▶ What this task involves
In this exercise, print only the lines of the records below from the one with "Load image into" through the one with "SCHLAFSOFA 186/154/78 cm", inclusive. Pictures are not part of the copy.

▶ Data shown
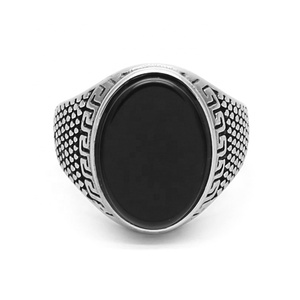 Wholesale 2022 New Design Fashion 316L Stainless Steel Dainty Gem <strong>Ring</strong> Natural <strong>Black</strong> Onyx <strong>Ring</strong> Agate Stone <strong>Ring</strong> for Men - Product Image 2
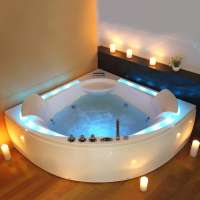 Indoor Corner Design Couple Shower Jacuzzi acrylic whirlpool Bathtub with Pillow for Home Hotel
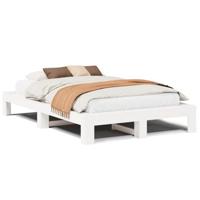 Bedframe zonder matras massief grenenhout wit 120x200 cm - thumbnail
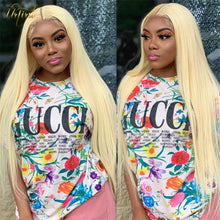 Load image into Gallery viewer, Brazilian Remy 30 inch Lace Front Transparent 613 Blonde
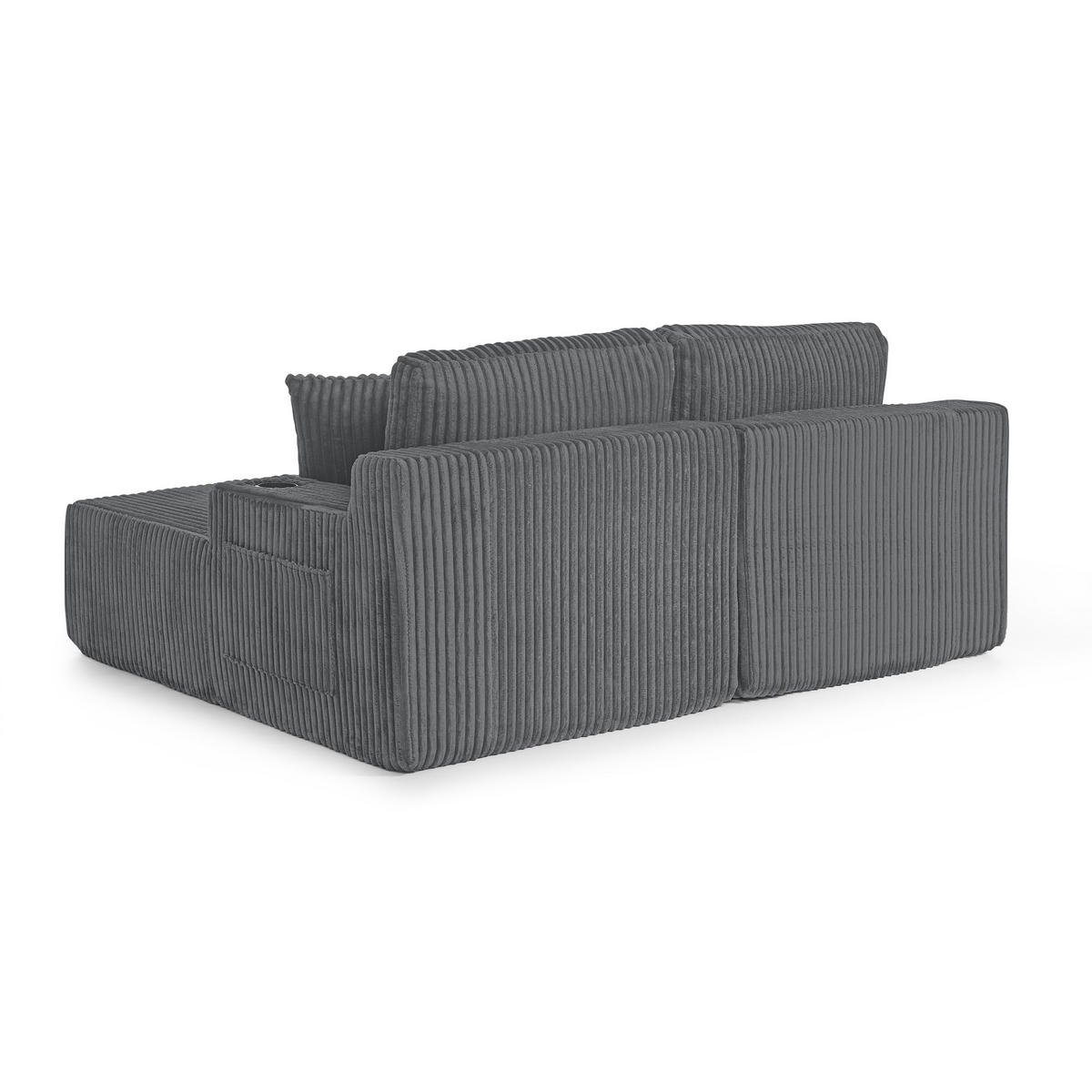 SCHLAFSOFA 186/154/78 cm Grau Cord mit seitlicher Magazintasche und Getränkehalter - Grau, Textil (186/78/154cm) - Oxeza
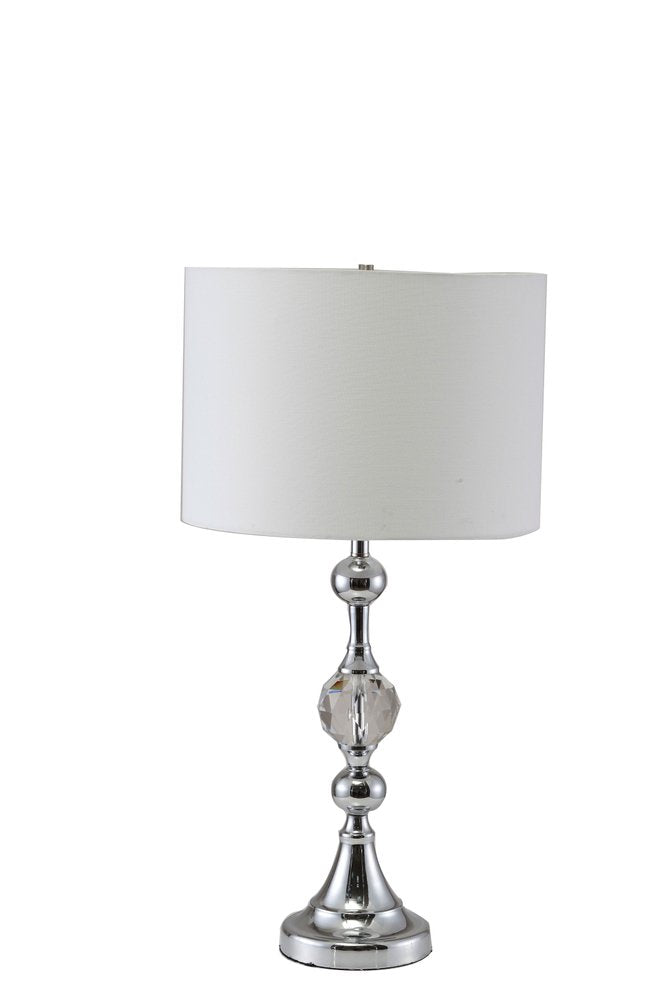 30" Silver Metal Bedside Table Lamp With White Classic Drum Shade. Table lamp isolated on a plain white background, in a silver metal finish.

==

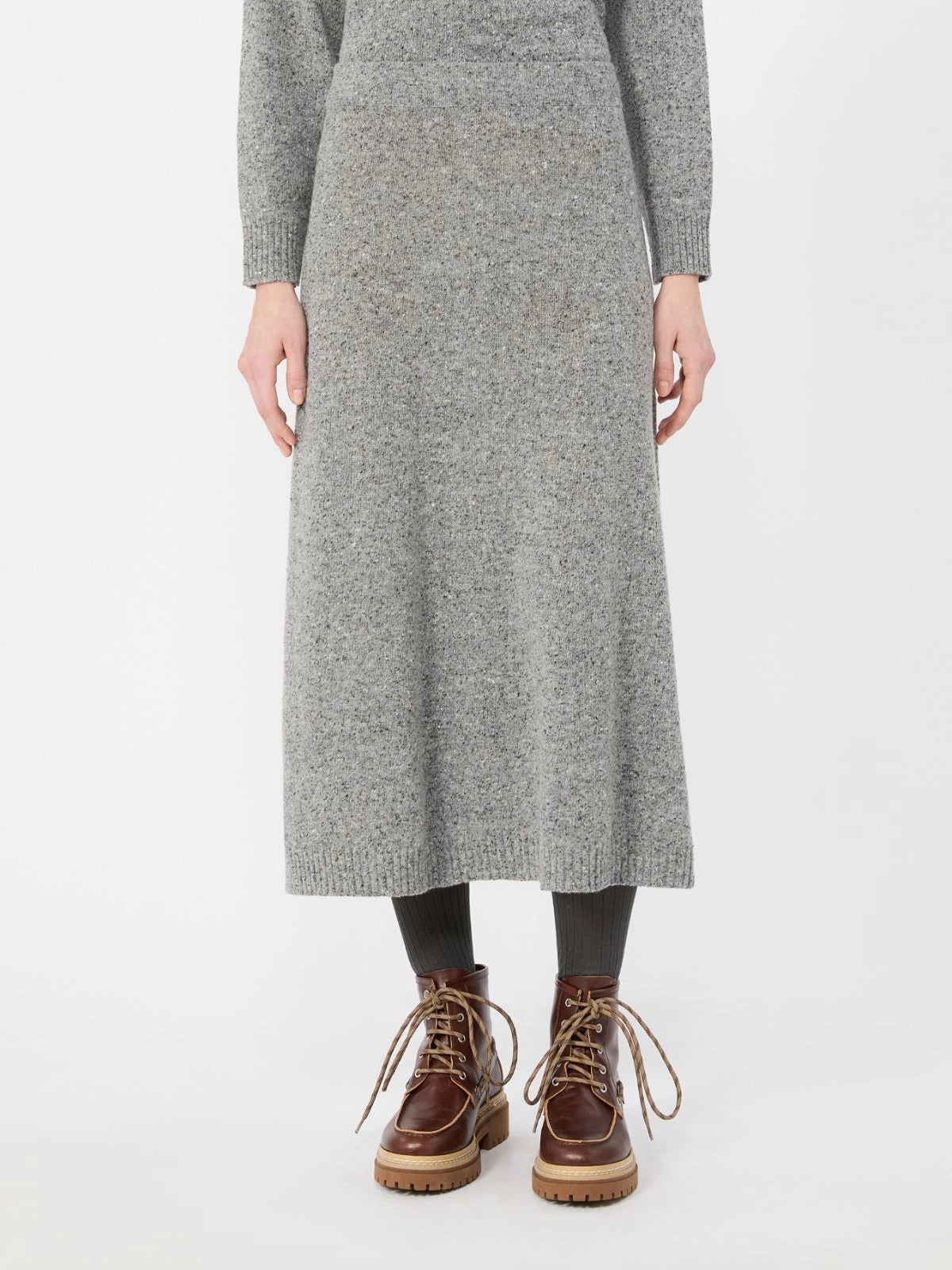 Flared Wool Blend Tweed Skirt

▶ Solution for this exercise
 Load image into Gallery viewer, Brazilian Remy 30 inch Lace Front Transparent 613 Blonde
 SCHLAFSOFA 186/154/78 cm Grau Cord mit seitlicher Magazintasche und Getränkehalter - Grau, Textil (186/78/154cm) - Oxeza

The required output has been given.